Im reading through the proof of the following theorem and I'm stuck on a single step.
Let $u$ be a compact operator on a Banach space $X$. Then $\sigma(u)$ is countable, and each nonzero point of $\sigma(u)$ is an eigenvalue of $u$ and an isolated point of $\sigma(u)$.
Proof: If $\lambda \in \sigma(u) \setminus \{0\}$, then by the Fredholm alternative, $u-\lambda I$ is not injective, so $\lambda$ is a eigenvalue of $u$. The operator $u-\lambda I$ has finite ascent $p$, so one can write: $$X = Y \bigoplus Z$$ where $Y = \text{ker}(u-\lambda I)^p$ and $Z = (u-\lambda I)^p(X)$.

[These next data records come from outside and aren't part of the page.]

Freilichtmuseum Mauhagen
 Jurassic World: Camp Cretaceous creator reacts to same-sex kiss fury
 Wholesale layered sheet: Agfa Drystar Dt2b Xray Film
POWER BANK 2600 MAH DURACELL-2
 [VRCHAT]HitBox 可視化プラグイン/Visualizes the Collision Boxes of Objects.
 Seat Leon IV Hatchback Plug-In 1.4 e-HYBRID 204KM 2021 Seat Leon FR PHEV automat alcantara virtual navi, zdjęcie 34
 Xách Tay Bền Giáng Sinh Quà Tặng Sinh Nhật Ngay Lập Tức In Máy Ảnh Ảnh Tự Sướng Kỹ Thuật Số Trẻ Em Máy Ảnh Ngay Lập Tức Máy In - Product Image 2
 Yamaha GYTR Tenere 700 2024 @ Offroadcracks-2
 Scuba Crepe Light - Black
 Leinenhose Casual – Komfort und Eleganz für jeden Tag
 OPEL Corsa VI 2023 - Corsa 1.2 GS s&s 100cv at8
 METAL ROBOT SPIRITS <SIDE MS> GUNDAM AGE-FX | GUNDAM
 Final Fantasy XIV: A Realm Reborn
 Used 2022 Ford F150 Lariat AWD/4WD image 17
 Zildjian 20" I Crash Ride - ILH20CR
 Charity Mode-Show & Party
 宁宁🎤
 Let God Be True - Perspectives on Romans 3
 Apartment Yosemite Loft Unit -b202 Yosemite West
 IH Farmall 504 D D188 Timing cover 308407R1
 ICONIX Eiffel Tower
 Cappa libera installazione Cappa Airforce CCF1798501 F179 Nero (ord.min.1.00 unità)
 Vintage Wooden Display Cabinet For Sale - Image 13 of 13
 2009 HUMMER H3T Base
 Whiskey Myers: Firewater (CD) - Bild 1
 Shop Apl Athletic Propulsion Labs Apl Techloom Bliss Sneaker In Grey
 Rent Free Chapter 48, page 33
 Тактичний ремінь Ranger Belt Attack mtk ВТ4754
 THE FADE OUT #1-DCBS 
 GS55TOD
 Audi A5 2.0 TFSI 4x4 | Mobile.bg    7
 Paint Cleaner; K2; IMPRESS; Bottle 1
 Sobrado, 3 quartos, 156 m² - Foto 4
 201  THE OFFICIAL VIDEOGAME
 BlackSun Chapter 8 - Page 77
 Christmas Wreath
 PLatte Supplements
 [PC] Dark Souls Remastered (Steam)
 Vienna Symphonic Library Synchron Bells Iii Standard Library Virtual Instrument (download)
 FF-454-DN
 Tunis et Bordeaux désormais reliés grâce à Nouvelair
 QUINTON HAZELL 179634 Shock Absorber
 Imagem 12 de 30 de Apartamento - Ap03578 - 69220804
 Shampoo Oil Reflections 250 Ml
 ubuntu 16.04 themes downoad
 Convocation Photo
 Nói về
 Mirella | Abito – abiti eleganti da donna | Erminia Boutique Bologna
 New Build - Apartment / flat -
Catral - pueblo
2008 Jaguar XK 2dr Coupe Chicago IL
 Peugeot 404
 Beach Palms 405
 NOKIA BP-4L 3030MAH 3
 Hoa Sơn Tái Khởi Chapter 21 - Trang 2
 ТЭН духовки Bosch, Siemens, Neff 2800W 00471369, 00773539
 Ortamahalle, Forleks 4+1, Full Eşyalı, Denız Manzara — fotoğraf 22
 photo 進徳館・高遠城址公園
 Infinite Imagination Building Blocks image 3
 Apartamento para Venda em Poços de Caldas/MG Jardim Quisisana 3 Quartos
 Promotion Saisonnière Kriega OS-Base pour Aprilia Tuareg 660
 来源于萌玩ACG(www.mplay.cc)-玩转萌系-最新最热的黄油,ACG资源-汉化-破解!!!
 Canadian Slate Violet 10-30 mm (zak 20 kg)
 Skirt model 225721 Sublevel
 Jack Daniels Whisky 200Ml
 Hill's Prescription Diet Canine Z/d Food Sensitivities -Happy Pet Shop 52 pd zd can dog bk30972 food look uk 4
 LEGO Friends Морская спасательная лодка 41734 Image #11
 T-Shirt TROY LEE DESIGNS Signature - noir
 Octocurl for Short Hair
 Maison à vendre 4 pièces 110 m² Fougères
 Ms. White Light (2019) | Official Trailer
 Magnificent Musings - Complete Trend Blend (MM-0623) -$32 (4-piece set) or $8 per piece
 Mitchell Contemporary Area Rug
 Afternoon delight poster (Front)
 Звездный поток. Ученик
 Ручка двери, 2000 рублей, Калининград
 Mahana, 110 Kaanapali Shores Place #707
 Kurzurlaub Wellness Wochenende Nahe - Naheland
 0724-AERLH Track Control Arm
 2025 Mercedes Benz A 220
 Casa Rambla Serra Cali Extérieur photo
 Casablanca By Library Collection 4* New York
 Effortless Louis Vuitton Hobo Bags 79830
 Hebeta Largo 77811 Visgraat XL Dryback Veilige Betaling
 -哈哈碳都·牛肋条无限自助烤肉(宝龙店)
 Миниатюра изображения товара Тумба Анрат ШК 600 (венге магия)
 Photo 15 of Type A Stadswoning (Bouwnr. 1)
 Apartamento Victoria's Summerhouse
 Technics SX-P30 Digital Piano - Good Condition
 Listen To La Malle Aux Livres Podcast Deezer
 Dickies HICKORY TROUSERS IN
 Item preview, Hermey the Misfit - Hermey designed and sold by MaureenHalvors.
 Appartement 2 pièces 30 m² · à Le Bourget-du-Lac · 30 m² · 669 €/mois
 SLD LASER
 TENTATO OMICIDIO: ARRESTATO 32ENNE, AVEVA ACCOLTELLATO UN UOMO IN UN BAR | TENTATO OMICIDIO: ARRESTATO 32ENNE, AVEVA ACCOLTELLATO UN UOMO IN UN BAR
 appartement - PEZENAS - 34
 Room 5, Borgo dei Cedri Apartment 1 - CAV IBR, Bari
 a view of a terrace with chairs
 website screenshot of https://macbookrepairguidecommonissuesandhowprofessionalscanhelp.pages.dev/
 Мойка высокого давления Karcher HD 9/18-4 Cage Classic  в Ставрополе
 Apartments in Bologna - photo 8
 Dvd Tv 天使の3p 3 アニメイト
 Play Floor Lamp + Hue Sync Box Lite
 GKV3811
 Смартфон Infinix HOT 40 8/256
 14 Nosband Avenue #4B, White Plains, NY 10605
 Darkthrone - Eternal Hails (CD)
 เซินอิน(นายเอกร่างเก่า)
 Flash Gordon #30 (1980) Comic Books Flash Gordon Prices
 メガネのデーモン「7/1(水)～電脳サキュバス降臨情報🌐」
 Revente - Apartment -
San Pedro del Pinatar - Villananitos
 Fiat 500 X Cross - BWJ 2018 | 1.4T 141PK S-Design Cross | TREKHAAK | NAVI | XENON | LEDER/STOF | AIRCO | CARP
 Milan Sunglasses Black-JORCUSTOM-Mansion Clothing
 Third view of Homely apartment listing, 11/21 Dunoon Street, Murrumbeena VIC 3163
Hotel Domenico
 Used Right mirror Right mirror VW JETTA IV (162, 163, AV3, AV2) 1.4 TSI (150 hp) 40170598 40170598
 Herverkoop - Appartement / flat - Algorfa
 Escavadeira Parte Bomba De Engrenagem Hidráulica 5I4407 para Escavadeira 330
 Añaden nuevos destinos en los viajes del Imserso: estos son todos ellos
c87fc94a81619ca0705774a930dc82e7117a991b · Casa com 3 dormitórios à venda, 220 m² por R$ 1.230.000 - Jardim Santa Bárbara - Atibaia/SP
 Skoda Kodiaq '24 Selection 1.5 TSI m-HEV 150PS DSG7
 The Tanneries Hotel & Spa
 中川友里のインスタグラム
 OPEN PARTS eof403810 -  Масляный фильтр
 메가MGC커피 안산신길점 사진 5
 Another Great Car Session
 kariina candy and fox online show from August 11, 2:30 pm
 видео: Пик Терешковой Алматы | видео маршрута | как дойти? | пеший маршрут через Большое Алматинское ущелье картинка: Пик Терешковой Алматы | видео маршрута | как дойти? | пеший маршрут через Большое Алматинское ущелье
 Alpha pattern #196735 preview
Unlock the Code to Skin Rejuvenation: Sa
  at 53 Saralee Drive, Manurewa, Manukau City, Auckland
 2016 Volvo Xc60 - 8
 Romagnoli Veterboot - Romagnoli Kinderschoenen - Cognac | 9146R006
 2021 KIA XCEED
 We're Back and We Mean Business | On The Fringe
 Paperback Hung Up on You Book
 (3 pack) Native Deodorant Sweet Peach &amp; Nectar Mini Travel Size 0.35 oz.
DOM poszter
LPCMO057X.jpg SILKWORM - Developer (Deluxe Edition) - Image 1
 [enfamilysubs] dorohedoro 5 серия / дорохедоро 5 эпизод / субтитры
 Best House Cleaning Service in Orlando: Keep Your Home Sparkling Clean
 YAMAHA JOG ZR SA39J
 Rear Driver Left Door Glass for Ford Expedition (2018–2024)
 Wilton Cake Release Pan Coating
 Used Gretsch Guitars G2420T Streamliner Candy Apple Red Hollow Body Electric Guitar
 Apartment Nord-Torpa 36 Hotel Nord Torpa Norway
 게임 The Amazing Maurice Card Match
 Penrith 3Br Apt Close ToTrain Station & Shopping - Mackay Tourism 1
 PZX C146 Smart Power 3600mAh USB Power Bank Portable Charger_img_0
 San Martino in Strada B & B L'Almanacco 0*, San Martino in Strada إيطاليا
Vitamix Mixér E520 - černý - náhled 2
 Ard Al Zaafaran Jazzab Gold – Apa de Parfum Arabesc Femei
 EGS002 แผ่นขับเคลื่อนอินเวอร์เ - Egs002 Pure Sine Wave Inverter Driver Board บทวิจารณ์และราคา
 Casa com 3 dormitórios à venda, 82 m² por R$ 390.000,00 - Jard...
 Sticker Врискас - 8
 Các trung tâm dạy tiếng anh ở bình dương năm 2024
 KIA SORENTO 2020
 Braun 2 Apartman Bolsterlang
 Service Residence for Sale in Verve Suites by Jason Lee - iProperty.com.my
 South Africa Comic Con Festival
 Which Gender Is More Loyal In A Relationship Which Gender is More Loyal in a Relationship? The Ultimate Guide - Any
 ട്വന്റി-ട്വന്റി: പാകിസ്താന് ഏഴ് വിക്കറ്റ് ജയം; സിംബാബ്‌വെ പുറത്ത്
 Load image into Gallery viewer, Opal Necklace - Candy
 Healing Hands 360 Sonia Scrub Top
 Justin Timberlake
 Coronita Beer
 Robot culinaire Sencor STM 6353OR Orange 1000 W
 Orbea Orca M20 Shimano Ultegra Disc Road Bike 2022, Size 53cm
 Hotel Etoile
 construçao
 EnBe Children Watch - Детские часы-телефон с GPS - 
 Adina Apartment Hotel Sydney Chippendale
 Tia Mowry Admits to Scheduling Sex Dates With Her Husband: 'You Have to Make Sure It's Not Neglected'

The spaces $Y,Z$ are closed and $u$-invariant. Hence $u-\lambda I = (u_{|Y}-\lambda I_{|Y}) \bigoplus (u_{|Z}-\lambda I_{|Z})$. Since $(u-\lambda I)^p=0$, it follows that $\sigma(u_{|Y}) = \{\lambda\}$.
Why does $(u_{|Y}-\lambda I_{|Y})^p=0$ imply the spectrum is a singleton set $\{\lambda\}$? I get that $\lambda \in \sigma(u_{|Y})$, but why is it the only point in the spectrum?
Any insight would be appreciated. Thank you.